The strategy of the “five whys” is designed specifically for this type of root-cause analysis. When faced with a particular problem or need, the first step, of course, is to ask “why?”: Why is it a problem? Or why does the customer want this particular feature? You then need to follow up the answer to that “why” with another “why” and repeat this process two more times. You’ll quickly find that your picture of the problem gets more detailed, and your countermeasure becomes more effective.
To pursue an outcome-oriented approach, you need to first define what your desired outcome looks like on a practical level so you can then figure out how to measure true success. In some ways, this process is similar to the five whys.
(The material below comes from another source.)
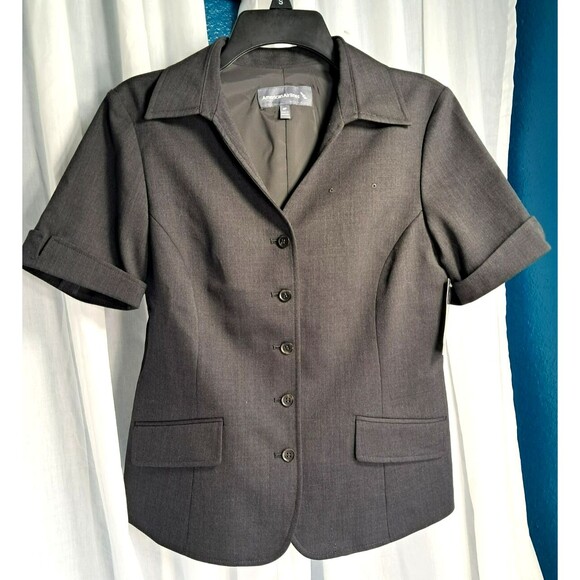 NWT American Airlines Womens 6R Short Sleeve Blazer Charcoal Attendant Uniform - Picture 2 of 10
Start by considering the broad objectives you’re aiming for—this list of 10 universal objectives might be helpful—and then dive down into the why of those objectives.
Sustainable value, for instance, is better for supporting the core value of your product, while a goal of higher profits will support lower costs and allow you to make the most of your existing assets. Once you know what objectives are most important to you—and why—you’ll then be able to accurately measure the success or failure of each outcome.
When it comes to transitioning to a purpose-driven strategy, one of the biggest struggles for established businesses is accepting the idea that failure is not only acceptable—it means the strategy is working. Your expected outcome should essentially act as your hypothesis, while your development process should act as the experiment. It’s through this experimentation that your competitive advantage is forged.
Before you build a solution, ask questions about what you expect to happen. Gather a baseline to measure change and let the data inform your next steps. It might sound odd to put money and time into a bunch of projects that will fail, but that’s exactly what the most successful companies do. It’s important to build the right thing, but eliminating the wrong things from taking up precious resource time is infinitely more valuable to the business in the long term.
Bosch’s Accelerator Program is an excellent example of the experimentation mindset in action. The program doesn’t have a pitch concept; instead, it has “lessons learned” presentations whose purpose is to evaluate evidence and give teams a no-go or go opportunity. Seventy percent of teams never make it past the first phase of discovery, while another 70% don’t make it past phase two. And this is exactly what Bosch is expecting. Finding the right opportunity is only possible by eliminating the wrong ones all along the way.
Technology will continue to change at a breathtaking pace for years to come. In order to not only keep up but stay ahead of the pack, businesses need to move away from older inflexible strategies and adopt something that focuses on outcomes rather than processes. A purpose-driven strategy will provide your company with exactly what it needs to keep customers happy and take on whatever comes next.